Your goal
No pictures, please. Copy exactly the lines from the one with "Así anunciaban el" through the final line below.

Data records

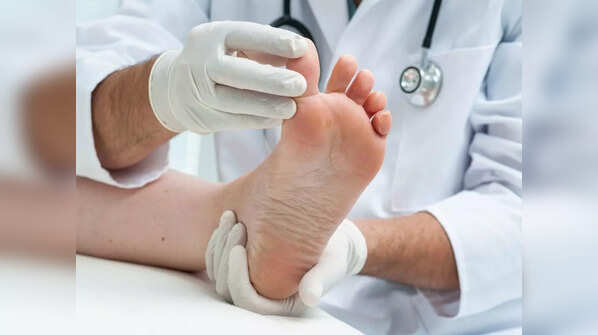 How COVID-19 affects the skin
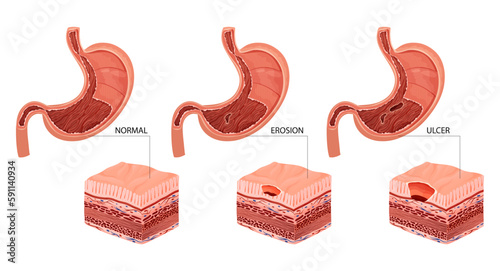 Stomach erosion and ulcer illustration
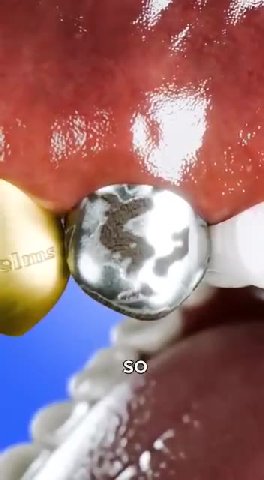 SO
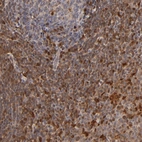 Immunohistochemical staining of human tonsil shows strong cytoplasmic positivity in non-germinal center cells.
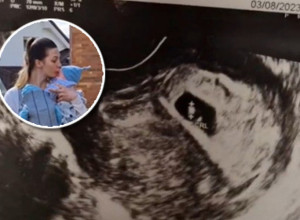 MILANI SU REKLI DA ČEKA BLIZANCE: Kada se porodila nije mogla da dođe sebi od šoka, ovo nije očekivala (VIDEO)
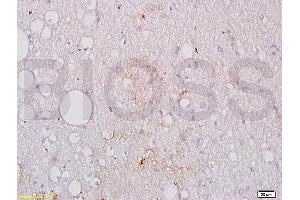 Formalin-fixed and paraffin embedded human brain tissue labeled with Anti-GPIIb Polyclonal Antibody, Unconjugated (ABIN748358) at 1:200 followed by conjugation to the secondary antibody, (SP-0023), and DAB staining (Integrin Alpha2b 抗体  (AA 351-450))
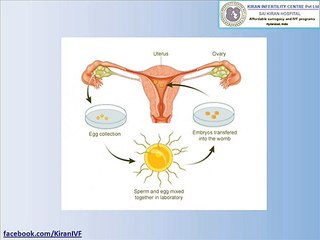 Affordable ivf in india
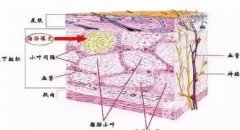 自體脂肪豐蘋果肌的優(yōu)點(diǎn)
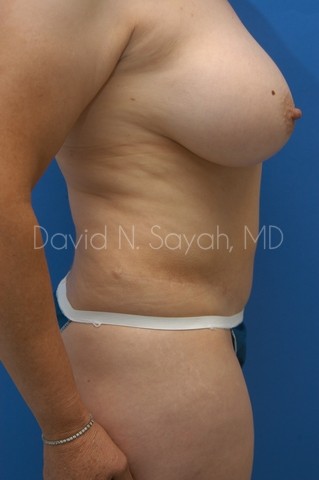 Tummy Tuck Before and After | Sayah Institute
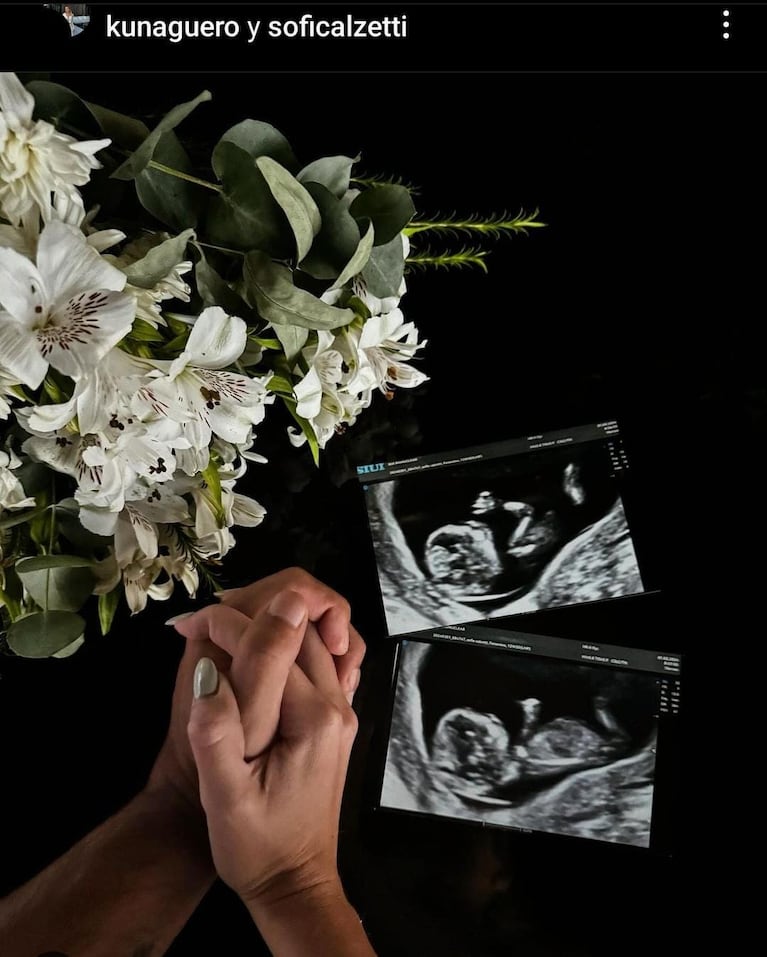 Así anunciaban el Kun Agüero y Sofía Calzetti que estaban esperando su primer hijo juntos.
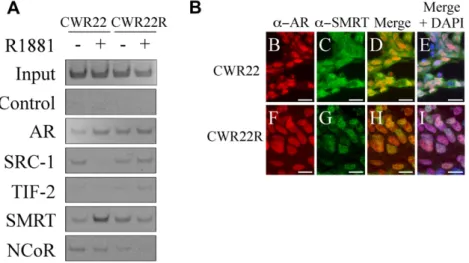 Fig. 4. Coregulator recruitment and colocalization to AR complex in CWR22 cells and CWR22R cells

Answer to this problem
 Así anunciaban el Kun Agüero y Sofía Calzetti que estaban esperando su primer hijo juntos.
 Fig. 4. Coregulator recruitment and colocalization to AR complex in CWR22 cells and CWR22R cells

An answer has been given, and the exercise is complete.